Coronavirus after-effects could include strokes, seizures and persistent confusion, according to new research
05/08/2020 // JD Heyes // Views

There is so much we don’t yet know about the Wuhan coronavirus (COVID-19), and a lot we’ve already learned.

But because the virus has not been around for very long, despite the fact that the Chinese Communist government hid the outbreak for weeks and probably months, we know almost nothing about COVID’s long-term effects on those who have contracted the disease.

That said, a new paper explores the aftermath of the virus and contains some very interesting findings, as Agence France Presse reports:

A pattern is emerging among COVID-19 patients arriving at hospitals in New York: Beyond fever, cough and shortness of breath, some are deeply disoriented to the point of not knowing where they are or what year it is.

At times this is linked to low oxygen levels in their blood, but in certain patients the confusion appears disproportionate to how their lungs are faring.

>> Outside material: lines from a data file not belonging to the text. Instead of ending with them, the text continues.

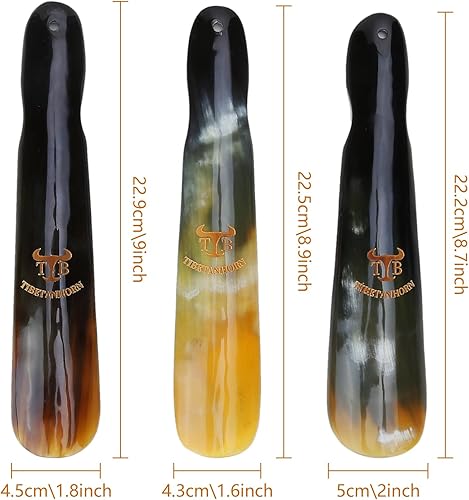 Miniatura 3 de Tibetanhorn Bocina para zapatos, cuerno de yak tibetano natural hecho a mano para hombres, mujeres, niños, botas y todos los zapatos (paquete de 2),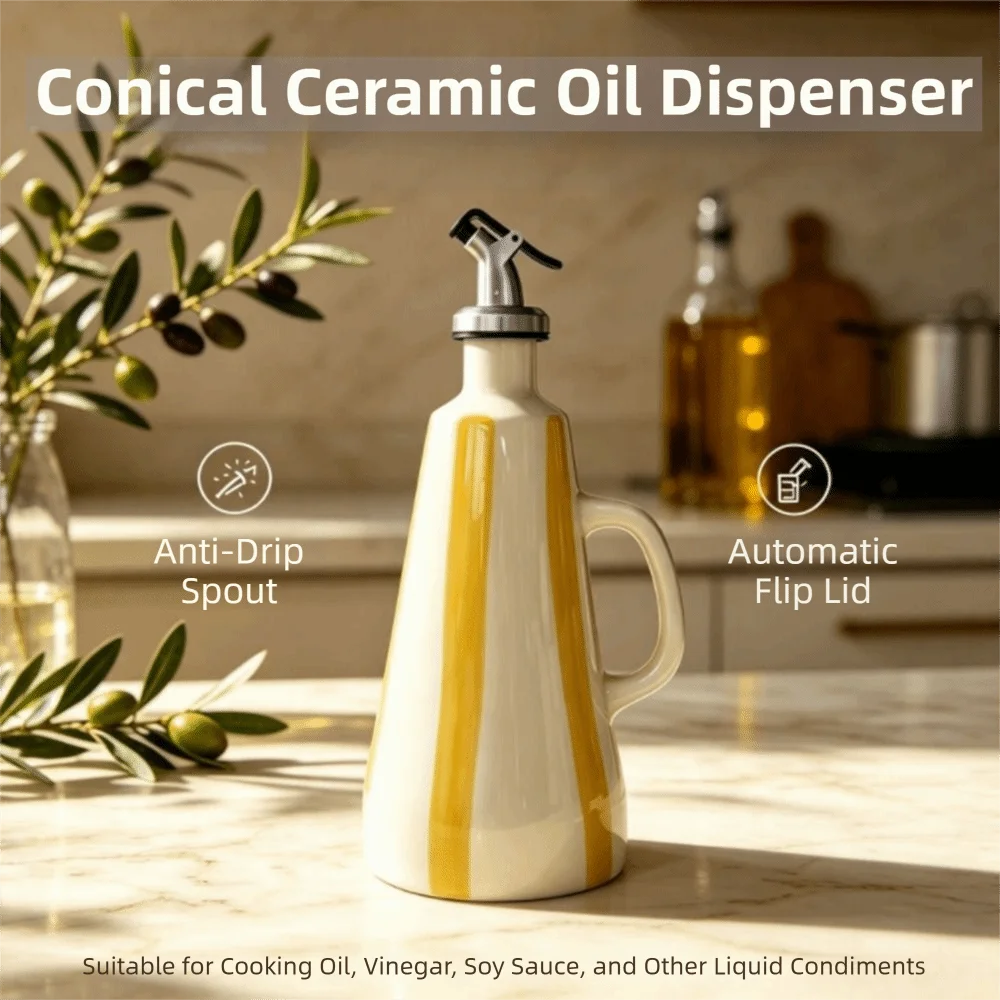 Automatic Pouring Ceramic Oil Bottle Cone-shaped Floral Vinegar Condiment Container No Drip Underglaze Embossed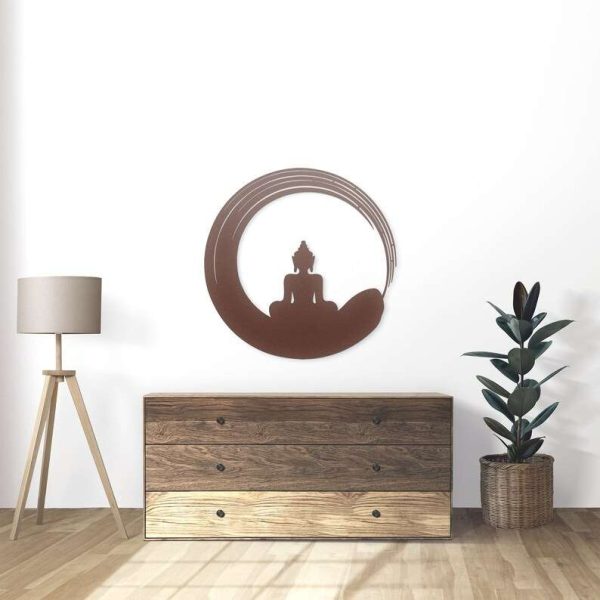 Personalized Zen Circle Buddha Meditation Yoga Studio Home Spiritual Decor Custom Metal Sign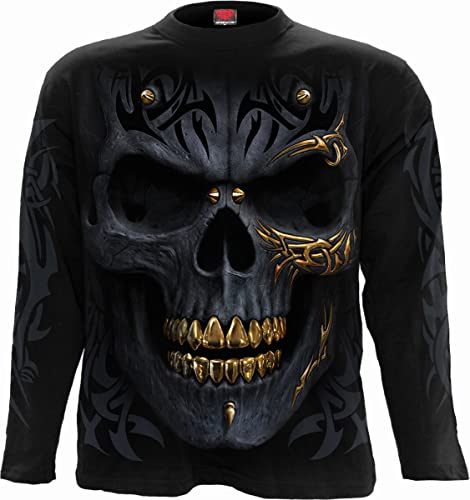 Spiral Draconis Men's Long-Sleeved Shirt Black Gothic, Horror, Nu Goth, Rockwear
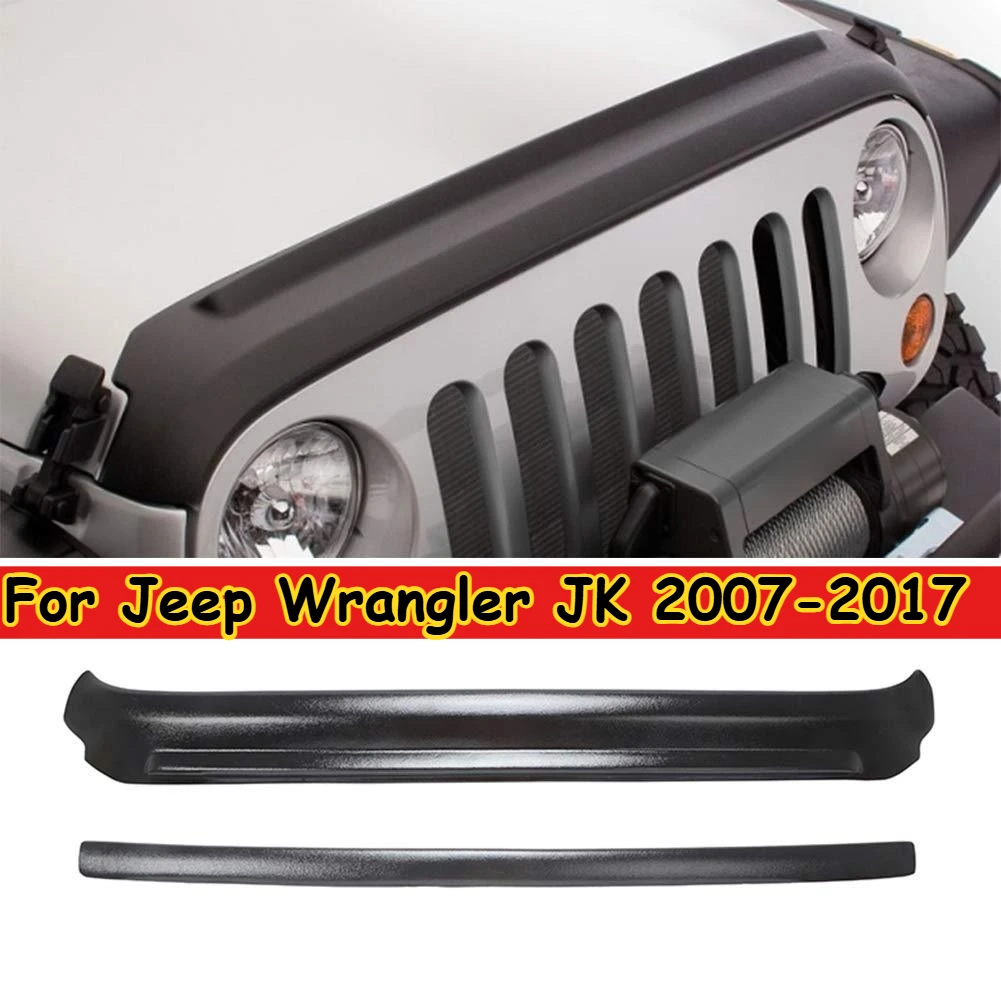 

Front Hood Sand Stone Guard Air Deflector Bug Shield Engine Hood Bezel for Jeep Wrangler JK 2007-2017 Exterior Accessory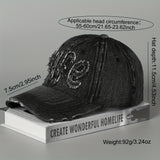 1pc American Retro Lavado y Desgastado Gorra de Béisbol, Hombres y Mujeres Vaquera Suave Gorra Casual, Versátil Gran Circunferencia de la Cabeza Pico de Pato Gorra, de Moda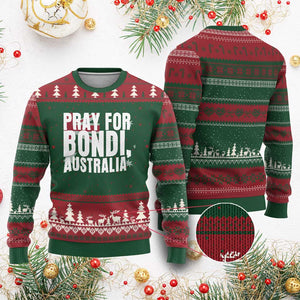 Pray for Bondi Australia Ugly Christmas Sweater Memorial Unity and Support Tribute TS02 Red Green Print Your Wear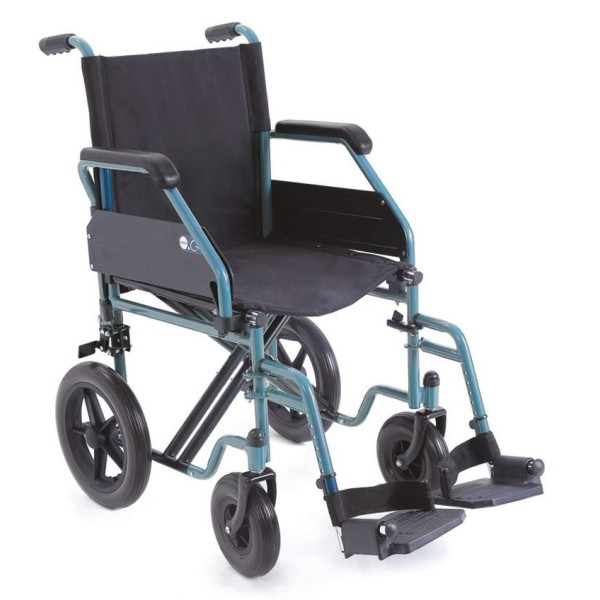 Sedia a Rotelle Carrozzina Pieghevole di transito in Acciaio con telaio stabilizzante a doppia crociera seduta 48cm Serie GO2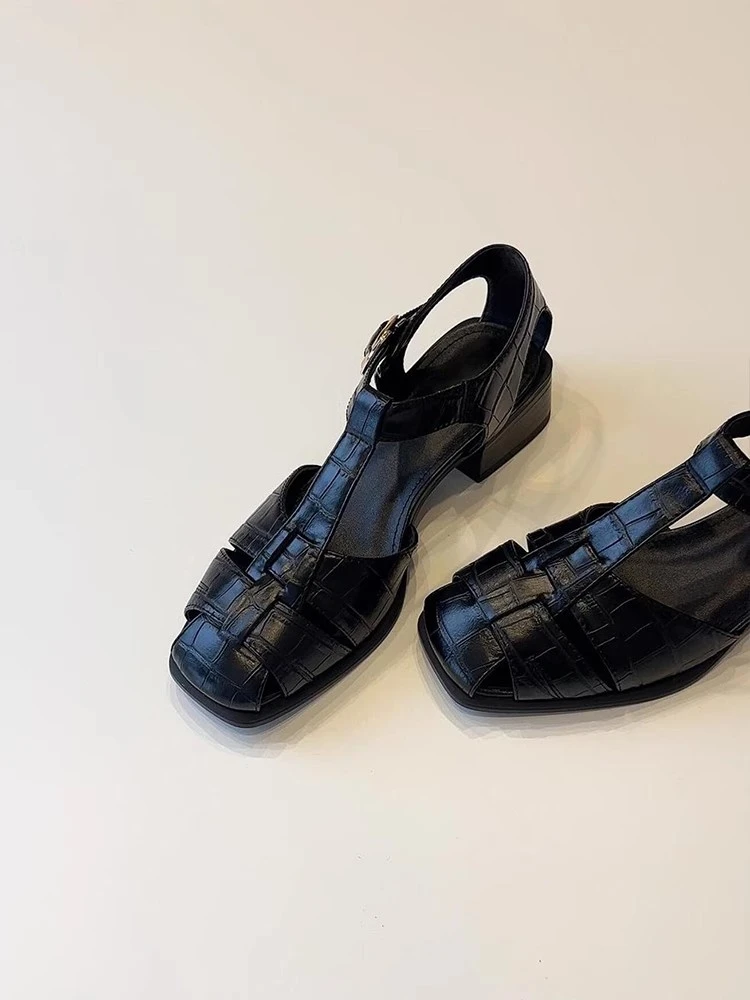 羊皮版~法式休闲编织镂空软皮凉鞋女复古粗跟猪笼鞋度假风罗马鞋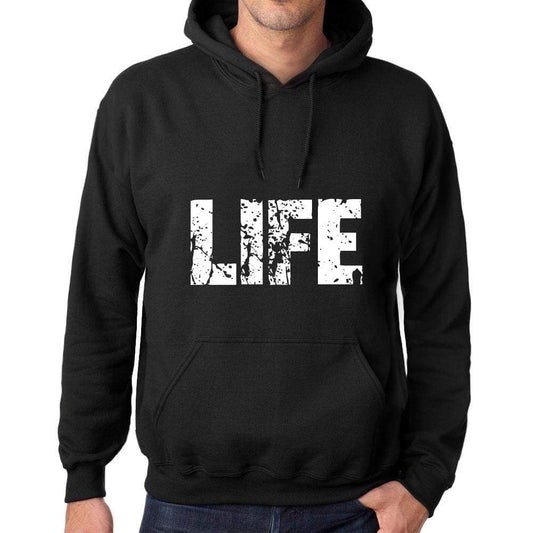 Mens Womens Unisex Printed Graphic Cotton Hoodie Soft Heavyweight Hooded Sweatshirt Pullover Popular Words Life Deep Black - Black / Xs /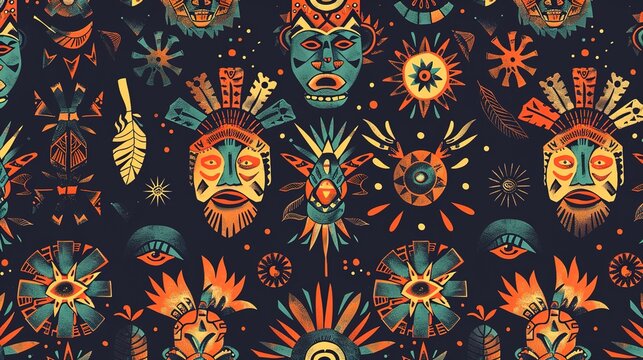 aztec seamless pattern wallpaper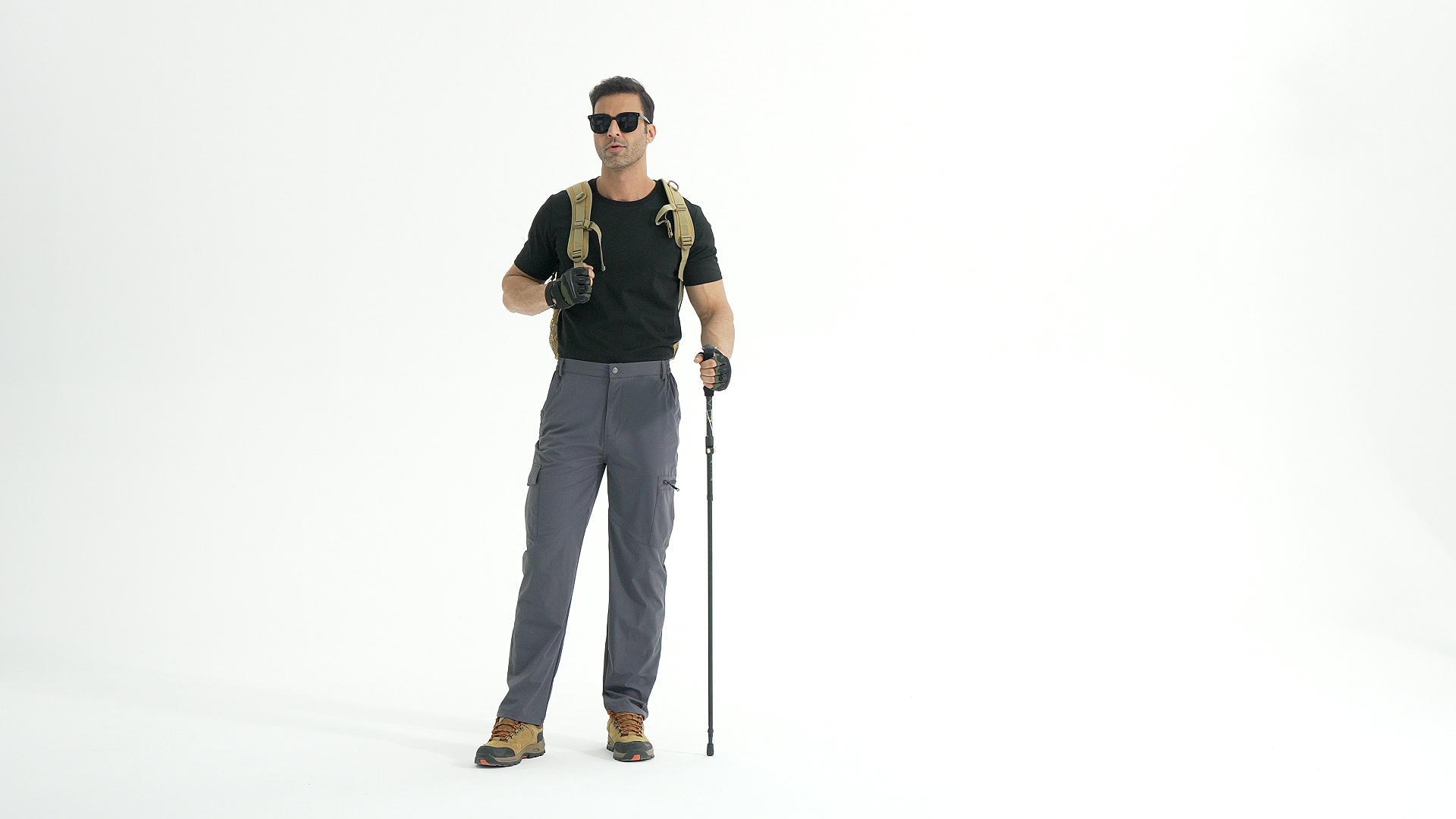 Pantaloni Uomo TBMPOY Neri (A1-Nero) Taglia Large - Leggeri, Da Viaggio Ed Escursionismo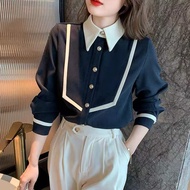 2023 Spring and Autumn Long-Sleeved Shirt Women's Fashion Colorblock Anti-Aging Elegant Top Fashion 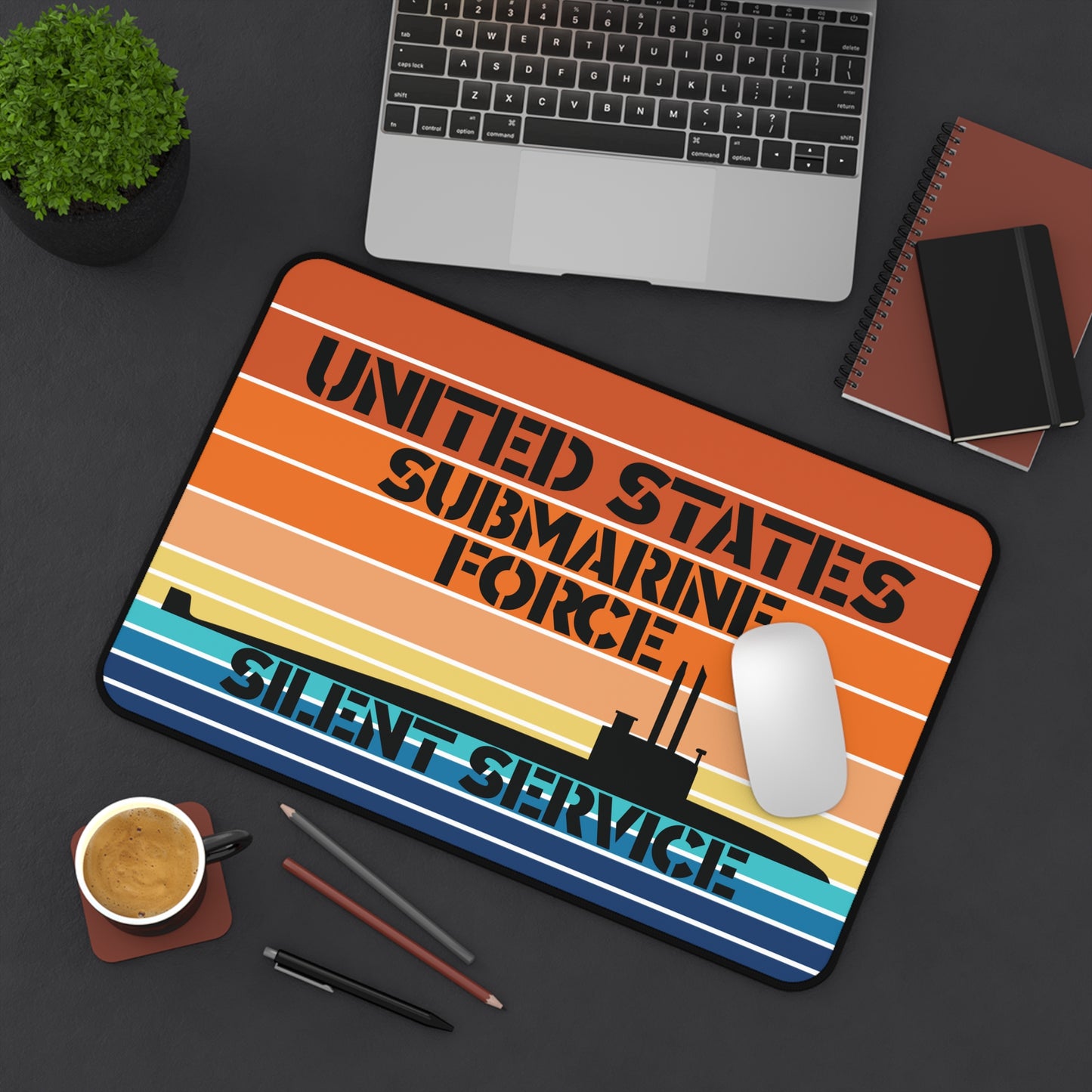 Sunset United States Submarine Force Silent Service Retro Vintage Desk Mat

According to Dr. Jennifer Frontera, a neurologist at NYU Langone Brooklyn hospital who has been seeing these patients, the findings raised alarms among doctors regarding the long-term impact symptomatic coronavirus infections would have on the brain and the nervous system.

Most people are aware that the coronavirus mostly affects the respiratory system, and older or obese patients with preexisting conditions such as heart disease.

But new and unusual signs of the infection are becoming known.

According to a study published last week in the Journal of the American Medical Association, 36.4 percent of 214 Chinese patients had developed neurological symptoms that ranged from a loss of smell to nerve pain, seizures and even strokes.


Meanwhile, a separate paper published in the New England Journal of Medicine last week analyzed 58 patients in Strasbourg, France, finding that more than half of them had become agitated or confused. Brain images suggested there was inflammation. (Related: Rheumatoid arthritis drug combined with vitamin C saved ER doctor from coronavirus death.)

“You've been hearing that this is a breathing problem, but it also affects what we most care about, the brain," Andrew Josephson, chair of the neurology department at the University of California, San Francisco told AFP.

“If you become confused, if you're having problems thinking, those are reasons to seek medical attention,” he continued. “The mantra of ‘don’t come unless you’re short of breath’ probably doesn’t apply anymore.”

More research is needed — and is coming

Scientists and doctors are not completely surprised that COVID-19 may have long-term negative neurological effects because this has also been documented in other viral infections including HIV — which, if not treated, could cause significant decline in cognitive abilities.

Michel Toledano, a neurologist at the Mayo Clinic, said viruses can affect the brain in a couple of main ways. One, by triggering “an abnormal immune response known as a cytokine storm that causes inflammation of the brain -- called autoimmune encephalitis,” AFP reported.

And two, a direct infection of the brain which causes a condition known as viral encephalitis.

These conditions can happen if the protective blood-brain barrier becomes compromised, but since some patients have developed a loss of smell, there is a hypothesis that the nose can provide direct access to the brain.

But that hasn’t been proven yet, and the theory becomes less likely to be true since some patients who lose their sense of smell do not otherwise go on to develop neurological symptoms or problems.

In the case of coronavirus, researchers have come to suspect that, based on current evidence, neurological problems are more likely due to an overactive immune response rather than invasion of the brain. 

To prove that, coronavirus must be present in the spinal fluid; this has been documented once — in a 24-year-old Japanese man whose case was presented in the International Journal of Infectious Disease.

He would later develop confusion and seizures, while imaging showed that his brain was inflamed. Yet, his is the only case thus far.

More studies will have to be done to be certain, but that seems likely because the virus isn’t going anywhere anytime soon, it appears.